----- Supplied material -----
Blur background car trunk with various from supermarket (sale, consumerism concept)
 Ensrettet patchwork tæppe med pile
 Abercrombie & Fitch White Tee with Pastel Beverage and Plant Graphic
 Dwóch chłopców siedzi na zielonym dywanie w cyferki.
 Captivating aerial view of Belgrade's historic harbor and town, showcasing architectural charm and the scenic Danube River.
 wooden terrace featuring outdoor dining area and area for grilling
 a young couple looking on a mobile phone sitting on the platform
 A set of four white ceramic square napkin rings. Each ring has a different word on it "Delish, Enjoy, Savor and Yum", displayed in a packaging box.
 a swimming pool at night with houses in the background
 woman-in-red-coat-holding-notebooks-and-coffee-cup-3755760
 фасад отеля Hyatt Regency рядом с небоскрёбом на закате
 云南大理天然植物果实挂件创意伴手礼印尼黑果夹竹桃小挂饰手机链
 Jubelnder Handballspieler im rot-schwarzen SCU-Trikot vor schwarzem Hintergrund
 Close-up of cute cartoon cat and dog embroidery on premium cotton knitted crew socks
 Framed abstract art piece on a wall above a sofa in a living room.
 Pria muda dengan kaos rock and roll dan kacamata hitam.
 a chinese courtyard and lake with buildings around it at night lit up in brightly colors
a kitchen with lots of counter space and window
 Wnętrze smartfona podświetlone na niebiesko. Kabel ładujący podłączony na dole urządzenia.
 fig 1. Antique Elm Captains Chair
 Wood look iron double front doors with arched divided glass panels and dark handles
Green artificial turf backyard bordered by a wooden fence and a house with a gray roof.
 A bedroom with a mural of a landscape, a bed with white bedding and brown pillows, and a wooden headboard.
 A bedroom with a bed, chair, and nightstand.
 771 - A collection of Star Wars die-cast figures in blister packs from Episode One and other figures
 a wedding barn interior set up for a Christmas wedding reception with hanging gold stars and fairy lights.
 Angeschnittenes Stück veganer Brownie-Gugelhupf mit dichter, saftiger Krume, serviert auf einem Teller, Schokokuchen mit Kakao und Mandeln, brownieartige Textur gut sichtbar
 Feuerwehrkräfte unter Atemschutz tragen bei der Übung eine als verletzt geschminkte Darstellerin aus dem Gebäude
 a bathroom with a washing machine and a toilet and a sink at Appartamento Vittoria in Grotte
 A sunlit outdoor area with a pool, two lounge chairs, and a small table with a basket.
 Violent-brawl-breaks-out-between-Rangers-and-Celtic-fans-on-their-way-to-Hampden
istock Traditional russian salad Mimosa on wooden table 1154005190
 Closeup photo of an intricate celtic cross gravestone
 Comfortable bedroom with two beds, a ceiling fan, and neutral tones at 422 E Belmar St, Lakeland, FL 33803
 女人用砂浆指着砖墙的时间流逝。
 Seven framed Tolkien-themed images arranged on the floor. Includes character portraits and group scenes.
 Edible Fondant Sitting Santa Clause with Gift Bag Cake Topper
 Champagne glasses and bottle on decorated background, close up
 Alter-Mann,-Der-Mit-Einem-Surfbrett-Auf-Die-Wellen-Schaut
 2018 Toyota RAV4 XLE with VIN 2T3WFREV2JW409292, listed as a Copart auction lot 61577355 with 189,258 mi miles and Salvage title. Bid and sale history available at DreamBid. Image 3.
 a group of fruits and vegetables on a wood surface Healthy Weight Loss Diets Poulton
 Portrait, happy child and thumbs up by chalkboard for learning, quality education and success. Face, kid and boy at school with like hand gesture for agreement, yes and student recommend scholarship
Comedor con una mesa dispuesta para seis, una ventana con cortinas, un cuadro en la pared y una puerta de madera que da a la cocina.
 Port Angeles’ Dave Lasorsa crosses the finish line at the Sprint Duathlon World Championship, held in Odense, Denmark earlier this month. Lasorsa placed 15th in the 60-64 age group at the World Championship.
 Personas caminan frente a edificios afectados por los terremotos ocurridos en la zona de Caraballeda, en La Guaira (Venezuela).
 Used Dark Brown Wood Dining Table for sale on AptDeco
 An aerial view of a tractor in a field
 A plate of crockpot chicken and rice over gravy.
-----
Work to complete » Return the listing. Match it exactly.

Response to the task »
Blur background car trunk with various from supermarket (sale, consumerism concept)
 Ensrettet patchwork tæppe med pile
 Abercrombie & Fitch White Tee with Pastel Beverage and Plant Graphic
 Dwóch chłopców siedzi na zielonym dywanie w cyferki.
 Captivating aerial view of Belgrade's historic harbor and town, showcasing architectural charm and the scenic Danube River.
 wooden terrace featuring outdoor dining area and area for grilling
 a young couple looking on a mobile phone sitting on the platform
 A set of four white ceramic square napkin rings. Each ring has a different word on it "Delish, Enjoy, Savor and Yum", displayed in a packaging box.
 a swimming pool at night with houses in the background
 woman-in-red-coat-holding-notebooks-and-coffee-cup-3755760
 фасад отеля Hyatt Regency рядом с небоскрёбом на закате
 云南大理天然植物果实挂件创意伴手礼印尼黑果夹竹桃小挂饰手机链
 Jubelnder Handballspieler im rot-schwarzen SCU-Trikot vor schwarzem Hintergrund
 Close-up of cute cartoon cat and dog embroidery on premium cotton knitted crew socks
 Framed abstract art piece on a wall above a sofa in a living room.
 Pria muda dengan kaos rock and roll dan kacamata hitam.
 a chinese courtyard and lake with buildings around it at night lit up in brightly colors
a kitchen with lots of counter space and window
 Wnętrze smartfona podświetlone na niebiesko. Kabel ładujący podłączony na dole urządzenia.
 fig 1. Antique Elm Captains Chair
 Wood look iron double front doors with arched divided glass panels and dark handles
Green artificial turf backyard bordered by a wooden fence and a house with a gray roof.
 A bedroom with a mural of a landscape, a bed with white bedding and brown pillows, and a wooden headboard.
 A bedroom with a bed, chair, and nightstand.
 771 - A collection of Star Wars die-cast figures in blister packs from Episode One and other figures
 a wedding barn interior set up for a Christmas wedding reception with hanging gold stars and fairy lights.
 Angeschnittenes Stück veganer Brownie-Gugelhupf mit dichter, saftiger Krume, serviert auf einem Teller, Schokokuchen mit Kakao und Mandeln, brownieartige Textur gut sichtbar
 Feuerwehrkräfte unter Atemschutz tragen bei der Übung eine als verletzt geschminkte Darstellerin aus dem Gebäude
 a bathroom with a washing machine and a toilet and a sink at Appartamento Vittoria in Grotte
 A sunlit outdoor area with a pool, two lounge chairs, and a small table with a basket.
 Violent-brawl-breaks-out-between-Rangers-and-Celtic-fans-on-their-way-to-Hampden
istock Traditional russian salad Mimosa on wooden table 1154005190
 Closeup photo of an intricate celtic cross gravestone
 Comfortable bedroom with two beds, a ceiling fan, and neutral tones at 422 E Belmar St, Lakeland, FL 33803
 女人用砂浆指着砖墙的时间流逝。
 Seven framed Tolkien-themed images arranged on the floor. Includes character portraits and group scenes.
 Edible Fondant Sitting Santa Clause with Gift Bag Cake Topper
 Champagne glasses and bottle on decorated background, close up
 Alter-Mann,-Der-Mit-Einem-Surfbrett-Auf-Die-Wellen-Schaut
 2018 Toyota RAV4 XLE with VIN 2T3WFREV2JW409292, listed as a Copart auction lot 61577355 with 189,258 mi miles and Salvage title. Bid and sale history available at DreamBid. Image 3.
 a group of fruits and vegetables on a wood surface Healthy Weight Loss Diets Poulton
 Portrait, happy child and thumbs up by chalkboard for learning, quality education and success. Face, kid and boy at school with like hand gesture for agreement, yes and student recommend scholarship
Comedor con una mesa dispuesta para seis, una ventana con cortinas, un cuadro en la pared y una puerta de madera que da a la cocina.
 Port Angeles’ Dave Lasorsa crosses the finish line at the Sprint Duathlon World Championship, held in Odense, Denmark earlier this month. Lasorsa placed 15th in the 60-64 age group at the World Championship.
 Personas caminan frente a edificios afectados por los terremotos ocurridos en la zona de Caraballeda, en La Guaira (Venezuela).
 Used Dark Brown Wood Dining Table for sale on AptDeco
 An aerial view of a tractor in a field
 A plate of crockpot chicken and rice over gravy.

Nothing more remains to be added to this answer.